Avant d’aller accuser les rappeurs populaires de donner une bonne image de cette drogue, il serait peut-être temps de la nuancer en informant les jeunes sur ses effets, non ?

Informer et protéger les Français, cela implique aussi de mettre en place une réelle prévention. (lire à ce sujet la note passionnante de GL think tank) Les 80 élus républicains opposés à la légalisation exigent dans leur tribune : « Il faut expliquer aux jeunes les dégâts provoqués par les drogues en arrêtant de présenter le cannabis comme une expérience sympathique voire ludique. » Je suis d’accord avec eux. Cependant, la politique conservatrice est une impasse en matière de prévention. C’est pour cette raison que le pneumologue Bertrand Dautzenberg, président de l’Office français de la lutte anti-tabac, s’est déclaré favorable à une légalisation du cannabis. Un pneumologue, favorable à la légalisation d’un des pires ennemis de nos poumons ? Oui, parce que cette légalisation permettrait une meilleure réglementation et prévention, essentielles et pourtant négligées par la politique répressive actuelle. Si la prévention n’implique pas la légalisation, pourquoi n’a-t-elle pas déjà été largement mise en place ? Le tabou posé sur le cannabis pour ne surtout pas le banaliser n’a pas aidé à informer la jeunesse sur ses effets néfastes. Les conséquences de la drogue-dont-il-ne-faut-pas-prononcer-le-nom ne sont quasiment pas expliquées au collège, ni au lycée. C’est pourtant à cette période que les consommateurs y sont le plus vulnérables, puisque, sans vouloir les offenser, leurs cerveaux ne sont pas parfaitement développés avant leurs 15 ans. C’est également à cette période que l’on est le plus influençable par les stars de la musique qui font du cannabis un accessoire cool, un moyen d’impressionner Clémentine de la 4è B avec son allure de rebelle en soirée. Avant d’aller accuser les rappeurs populaires de donner une bonne image de cette drogue, il serait peut-être temps de la nuancer en informant les jeunes sur ses effets, non ?

La conduite en état d’ivresse est encore plus dangereuse que la conduite sous stupéfiants.
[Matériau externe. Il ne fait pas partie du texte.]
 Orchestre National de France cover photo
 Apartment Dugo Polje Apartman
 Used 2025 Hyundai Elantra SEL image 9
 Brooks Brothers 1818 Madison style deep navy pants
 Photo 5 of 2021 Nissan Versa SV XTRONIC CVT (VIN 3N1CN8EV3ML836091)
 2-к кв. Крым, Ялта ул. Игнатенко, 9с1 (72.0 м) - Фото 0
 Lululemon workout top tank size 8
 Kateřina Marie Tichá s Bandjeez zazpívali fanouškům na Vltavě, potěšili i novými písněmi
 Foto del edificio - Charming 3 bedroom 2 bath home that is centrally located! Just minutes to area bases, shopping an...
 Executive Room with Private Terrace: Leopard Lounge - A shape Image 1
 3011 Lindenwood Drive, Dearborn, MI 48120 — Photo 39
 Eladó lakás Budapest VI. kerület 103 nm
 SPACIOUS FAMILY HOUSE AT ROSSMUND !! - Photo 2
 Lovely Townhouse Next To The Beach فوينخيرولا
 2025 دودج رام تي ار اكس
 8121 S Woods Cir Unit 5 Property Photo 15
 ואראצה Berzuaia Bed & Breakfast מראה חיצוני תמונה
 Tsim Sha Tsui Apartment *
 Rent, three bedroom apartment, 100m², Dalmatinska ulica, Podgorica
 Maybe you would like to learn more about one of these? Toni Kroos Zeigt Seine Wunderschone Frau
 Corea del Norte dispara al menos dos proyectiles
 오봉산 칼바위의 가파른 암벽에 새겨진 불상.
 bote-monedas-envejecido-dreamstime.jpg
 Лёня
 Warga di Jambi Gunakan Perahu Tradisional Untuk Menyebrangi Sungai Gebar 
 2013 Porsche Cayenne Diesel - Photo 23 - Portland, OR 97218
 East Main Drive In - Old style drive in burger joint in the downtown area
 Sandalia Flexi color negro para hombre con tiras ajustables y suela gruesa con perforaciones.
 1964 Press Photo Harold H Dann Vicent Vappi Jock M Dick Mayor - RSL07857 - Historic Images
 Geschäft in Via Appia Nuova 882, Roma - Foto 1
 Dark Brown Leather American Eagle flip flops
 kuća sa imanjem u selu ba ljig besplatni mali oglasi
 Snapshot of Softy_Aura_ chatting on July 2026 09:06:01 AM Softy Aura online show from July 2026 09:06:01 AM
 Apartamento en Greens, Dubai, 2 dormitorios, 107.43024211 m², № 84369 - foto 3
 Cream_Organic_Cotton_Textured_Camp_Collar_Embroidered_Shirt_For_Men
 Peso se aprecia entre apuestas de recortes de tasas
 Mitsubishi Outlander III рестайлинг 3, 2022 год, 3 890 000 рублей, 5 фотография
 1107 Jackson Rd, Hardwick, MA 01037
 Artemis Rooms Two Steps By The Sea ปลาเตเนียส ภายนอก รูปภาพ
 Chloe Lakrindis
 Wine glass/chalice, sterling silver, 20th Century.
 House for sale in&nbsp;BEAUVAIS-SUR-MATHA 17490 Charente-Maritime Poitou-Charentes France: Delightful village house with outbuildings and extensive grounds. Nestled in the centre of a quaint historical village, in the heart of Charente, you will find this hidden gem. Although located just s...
Je parle des plus jeunes car je considère, et j’espère, que les adultes sont plus raisonnables. Cependant, comme le soulignent les 80 élus LR, « En 2017, 23% des personnes décédées sur les routes ont été tuées dans un accident impliquant un conducteur sous l’emprise de stupéfiants. ». Ce chiffre révèle bien l’inefficacité de la politique répressive soi-disant sécuritaire. Il est donc également nécessaire de faire davantage de prévention auprès des conducteurs, et de mieux les contrôler. Les sanctions prévues pour les conducteurs contrôlés positifs au cannabis sont pourtant lourdes : jusqu’à 2 ans d’emprisonnement et 4500€ d’amende, et je ne vous parle des peines dans le cas où la consommation a été facteur d’un accident mortel. Malgré cela, la politique répressive ne fait pas ses preuves. Pourquoi ? Premièrement, les policiers et gendarmes ne peuvent complètement tester les conducteurs que depuis le 13 décembre 2016. Avant, le contrôle nécessitait une étude par du personnel médical, une prise de sang ou une analyse d’urine. Il était donc plus long, plus compliqué, donc moins souvent effectué. Ce test reste peu effectué par rapport aux contrôles d’alcoolémie, mais il menace les conducteurs d’une sanction bien plus lourde : en plus de la peine de prison et de l’amende précédemment évoquées, le conducteur positif au cannabis perd son permis pour trois jours, le temps que le préfet de son département décide de s’il suspend son permis pour quelques mois ou pas. Pourtant, la conduite en état d’ivresse est encore plus dangereuse que la conduite sous stupéfiants : le risque d’être responsable d’un accident mortel est multiplié par 1.8 lorsqu’on conduit sous cannabis ; par 17.8 lorsqu’on conduit alcoolisé.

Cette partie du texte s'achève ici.